**WHAT TO WORK ON:**
Exact copy, pictures excluded: the lines from the one containing "Collecting Insects: Tools and Supplies" to the end of the listing.

Start of Block

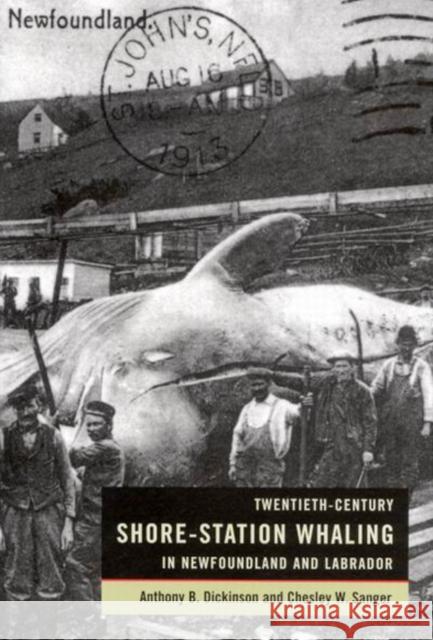 Twentieth-Century Shore-Station Whaling in Newfoundland and Labrador Anthony B. Dickinson Chesley W. Sanger 9780773528819 McGill-Queen's University Press - książka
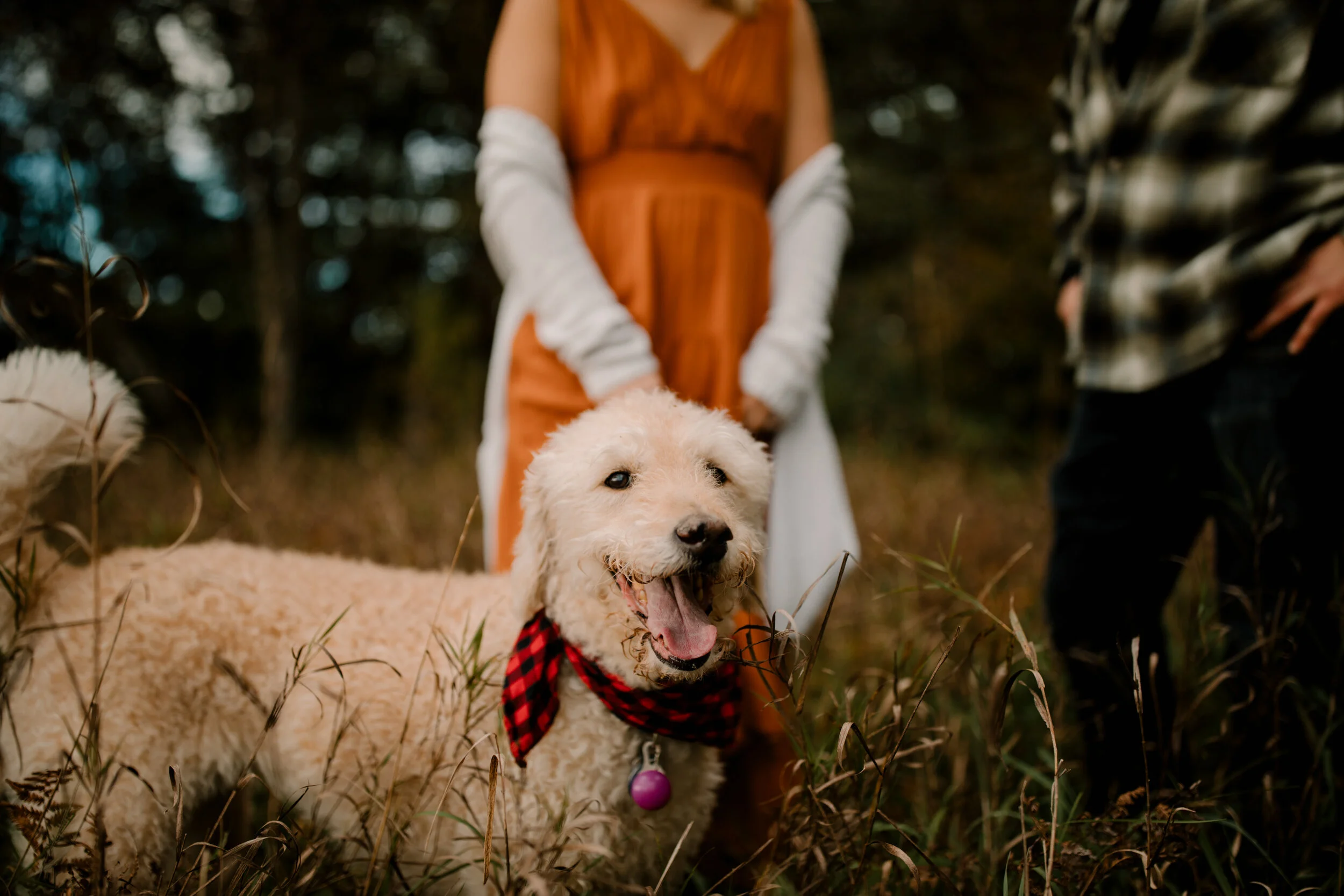 michigan-photographer-jessica-max-october-114.jpg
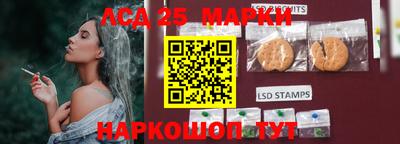 тгк Коммунар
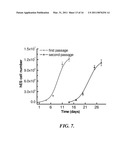 POROUS SCAFFOLDS FOR STEM CELL RENEWAL diagram and image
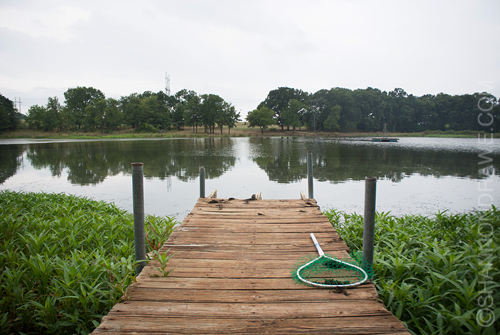 Fly Fishing for Texas Pond Bass 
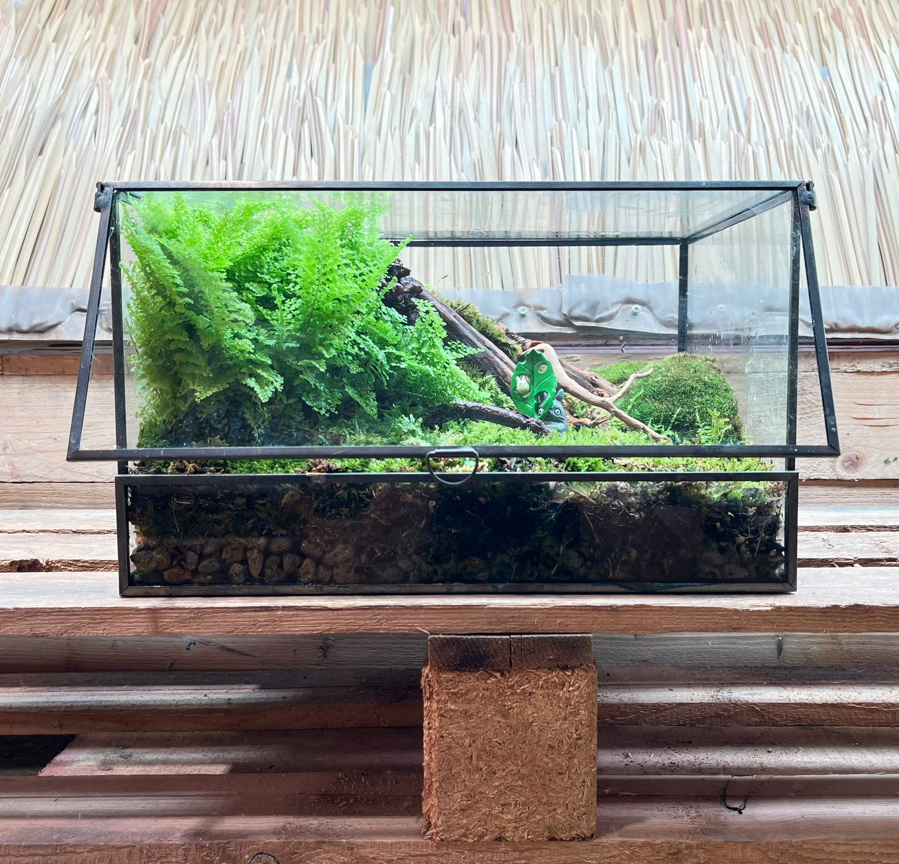 CUSTOM DESIGN Terrarium (Geometric Front Flap / 30x24x18cm)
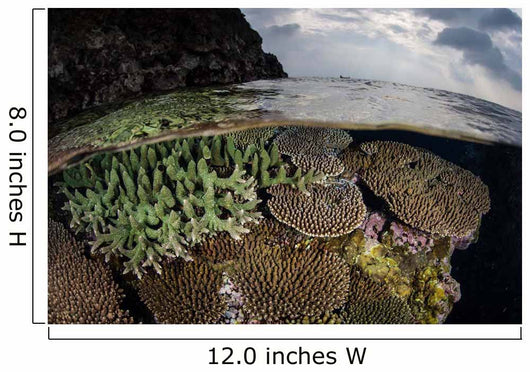 Coral Reef Grows Shallow Wall Decal Design 2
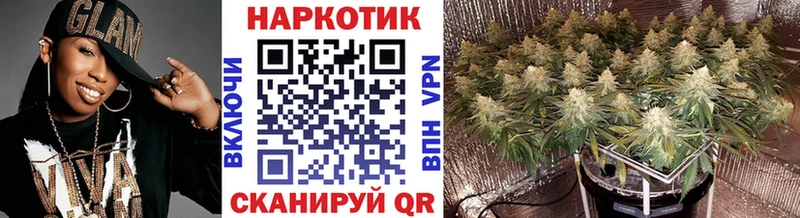 Цена Болгар Псилоцибиновые грибы ГАШИШ Канабис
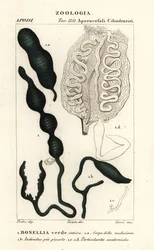 Colher-marinha verde, Bonellia viridis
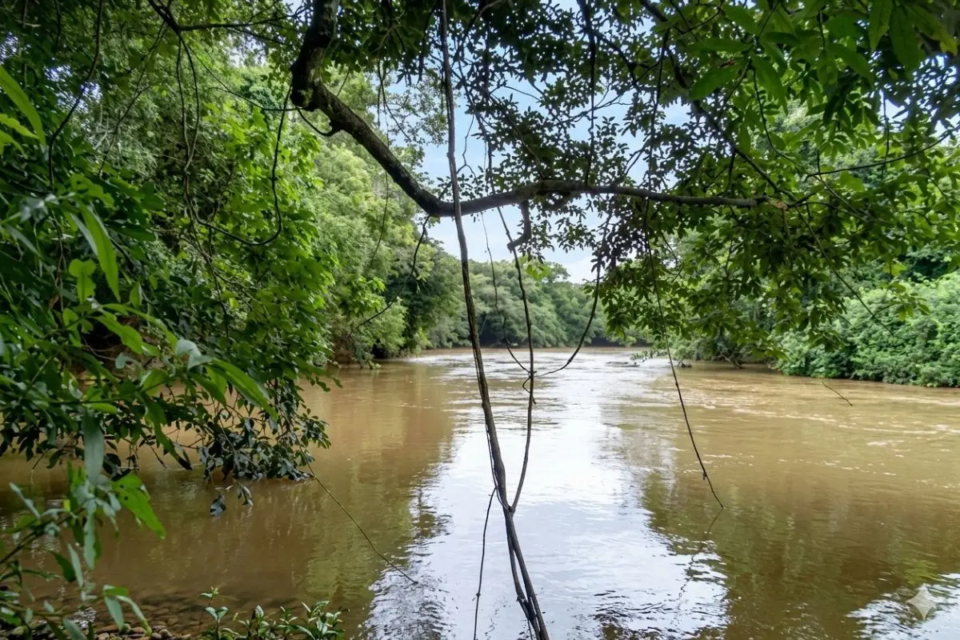 A rã foi localizada em matas de galeria próximas a pequenos riachos que alimentam o rio Corumbá, em Luziânia (Foto: Zookeys)
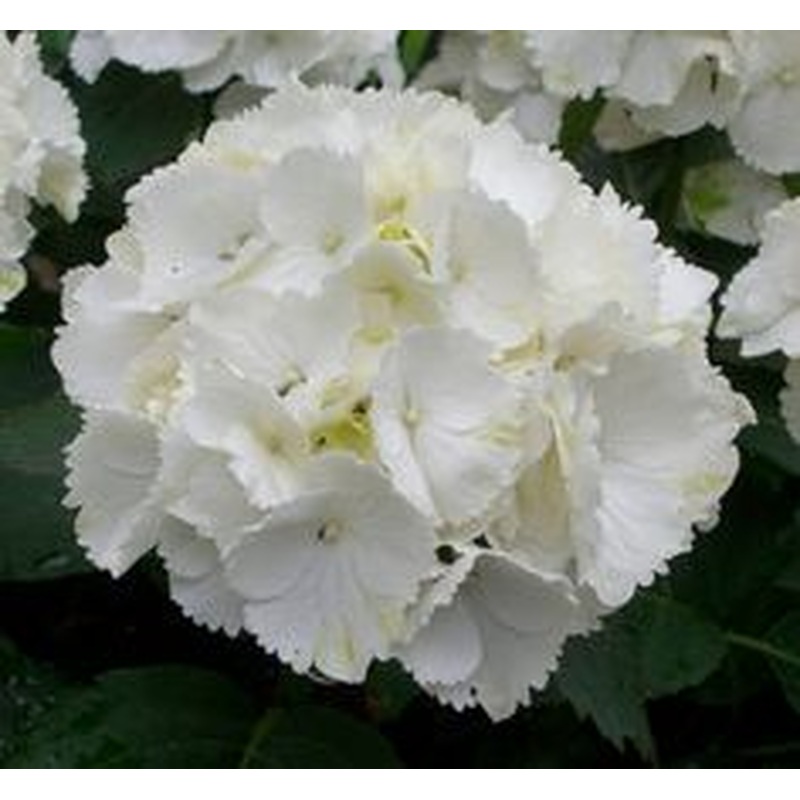 HYDRANGEA M. SNOWBALL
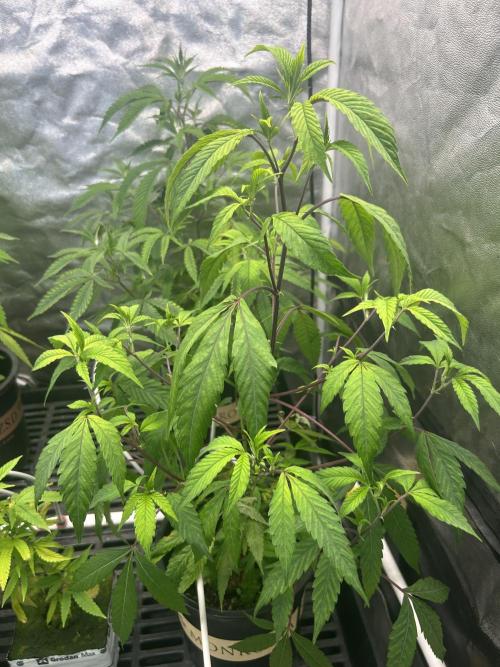 High Society. Week 3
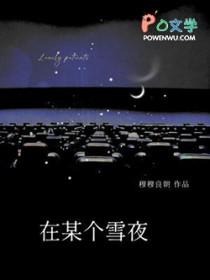 领主:从灰烬到薪王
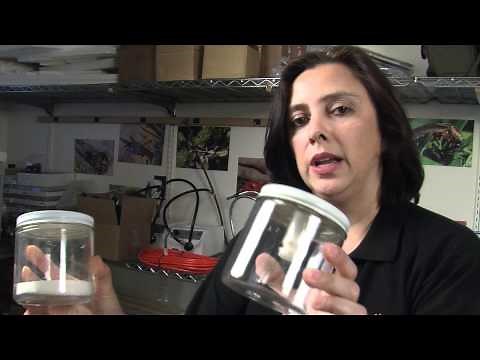 Collecting Insects: Tools and Supplies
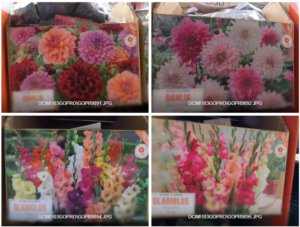 Bông bông bông… Hoa… giống [PICTURES] [VIDEO] Flower Bulbs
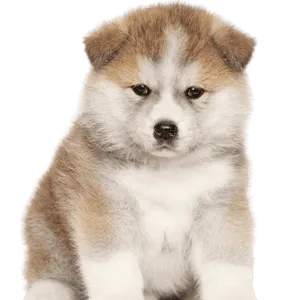 Akita Puppy
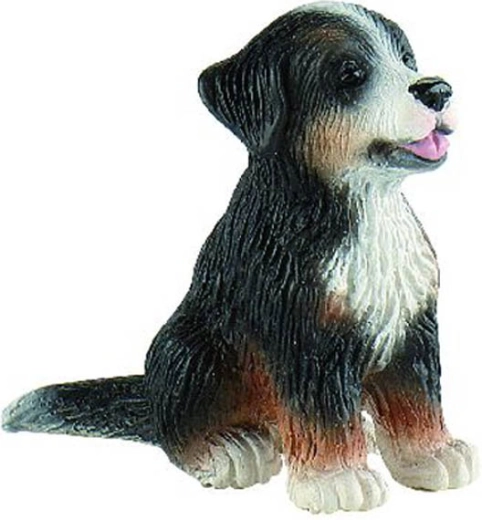 Ce2ine de munte bernez - pui Joy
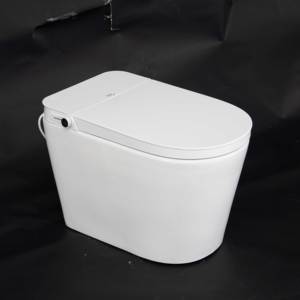 Factory Direct Smart <strong>Toilet</strong> with Advanced Features Floor Mounted Remote Control Seat Heating-<strong>Best</strong> New Design - Product Image 3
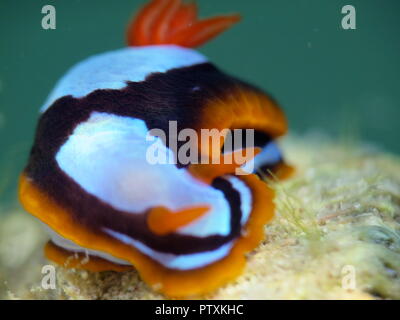 Orange, Schwarz, Weiß (clownfisch) Nacktschnecke Nembrotha westraliensis, Rottnest Island, endemisch in Western Australia Stockfoto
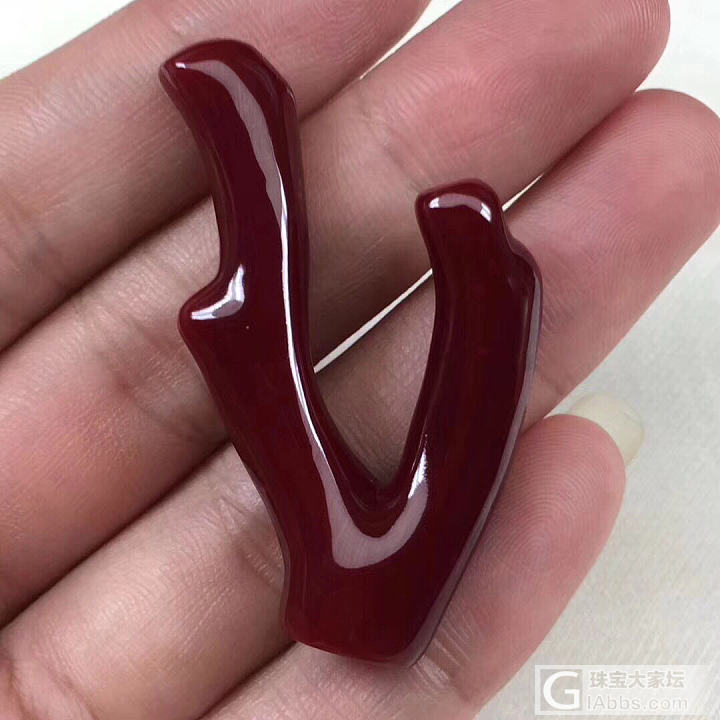 新人入坛多多照顾！_珊瑚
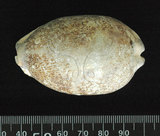 中文名:阿拉伯寶螺(001737-00111)學名:Cypraea arabica Linnaeus, 1758(001737-00111)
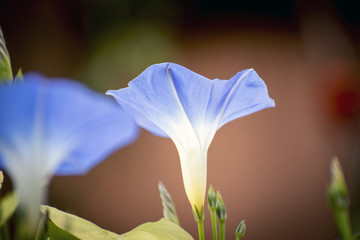detail of blue bell flower on blurred background
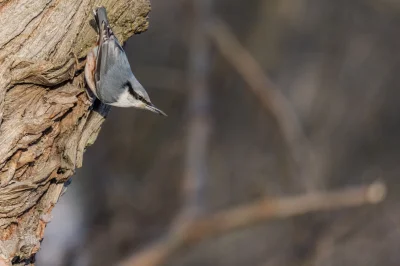 trzeci - Kolejny kowalik w typowej dla siebie pozie :)
---
1/640 s f/6,3 600 mm, IS...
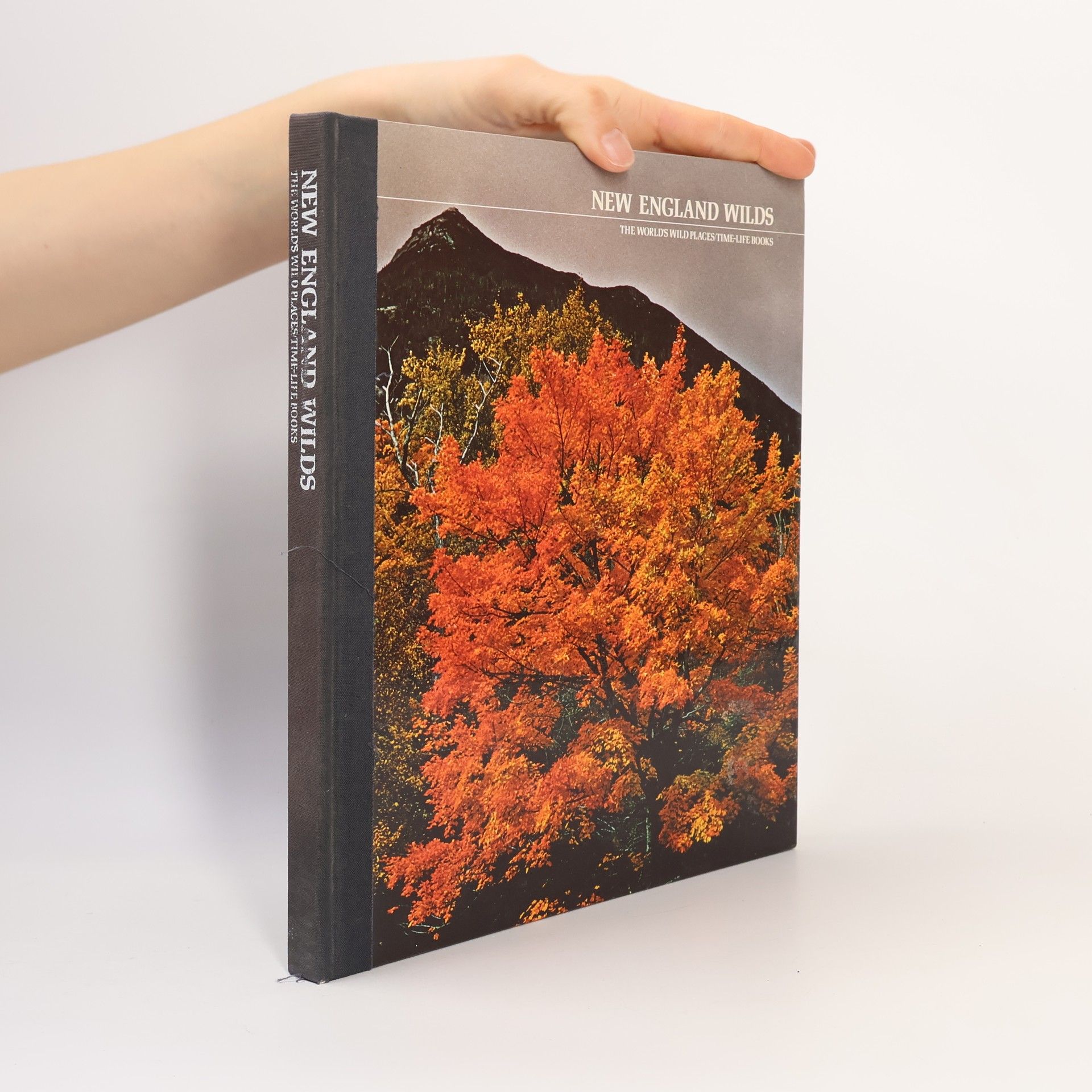 Various authors New England Wilds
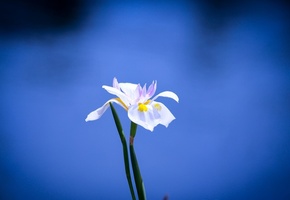 цветок, лилия, синий фон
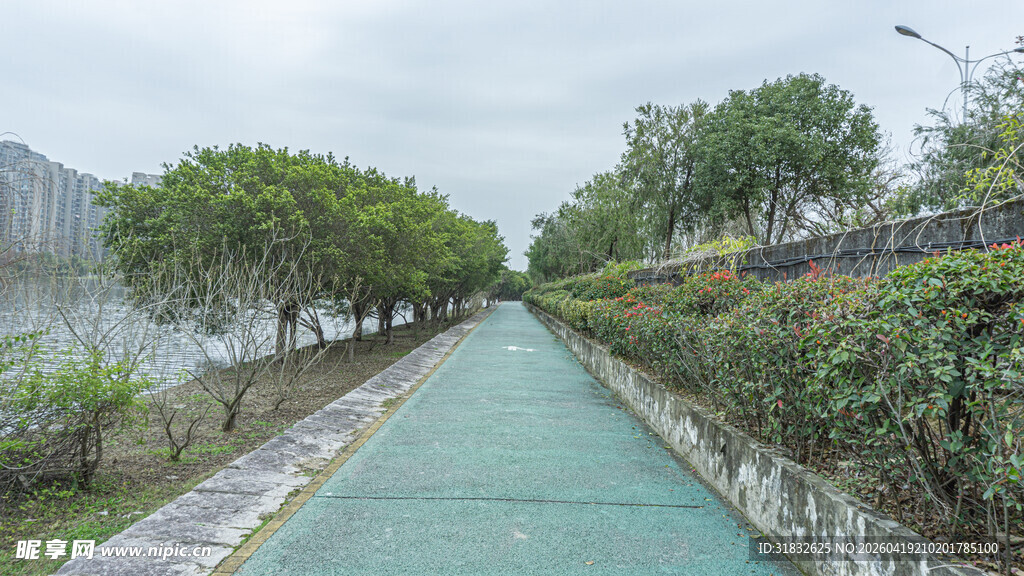 城市中幽静的绿色步道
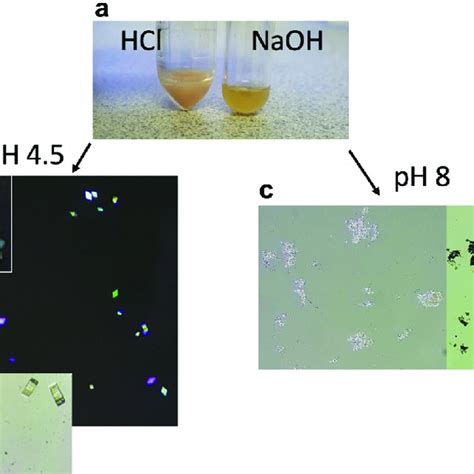 The Effect Of PH On Uric Acid Crystallization One Drop Of 1 N HCl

End of Block

**WRITTEN ANSWER:**
 Collecting Insects: Tools and Supplies
 Bông bông bông… Hoa… giống [PICTURES] [VIDEO] Flower Bulbs
 Akita Puppy
 Ce2ine de munte bernez - pui Joy
 Factory Direct Smart <strong>Toilet</strong> with Advanced Features Floor Mounted Remote Control Seat Heating-<strong>Best</strong> New Design - Product Image 3
 Orange, Schwarz, Weiß (clownfisch) Nacktschnecke Nembrotha westraliensis, Rottnest Island, endemisch in Western Australia Stockfoto
 新人入坛多多照顾！_珊瑚
 中文名:阿拉伯寶螺(001737-00111)學名:Cypraea arabica Linnaeus, 1758(001737-00111)
detail of blue bell flower on blurred background
 trzeci - Kolejny kowalik w typowej dla siebie pozie :)
---
1/640 s f/6,3 600 mm, IS...
 Various authors New England Wilds
 цветок, лилия, синий фон
 城市中幽静的绿色步道
 The Effect Of PH On Uric Acid Crystallization One Drop Of 1 N HCl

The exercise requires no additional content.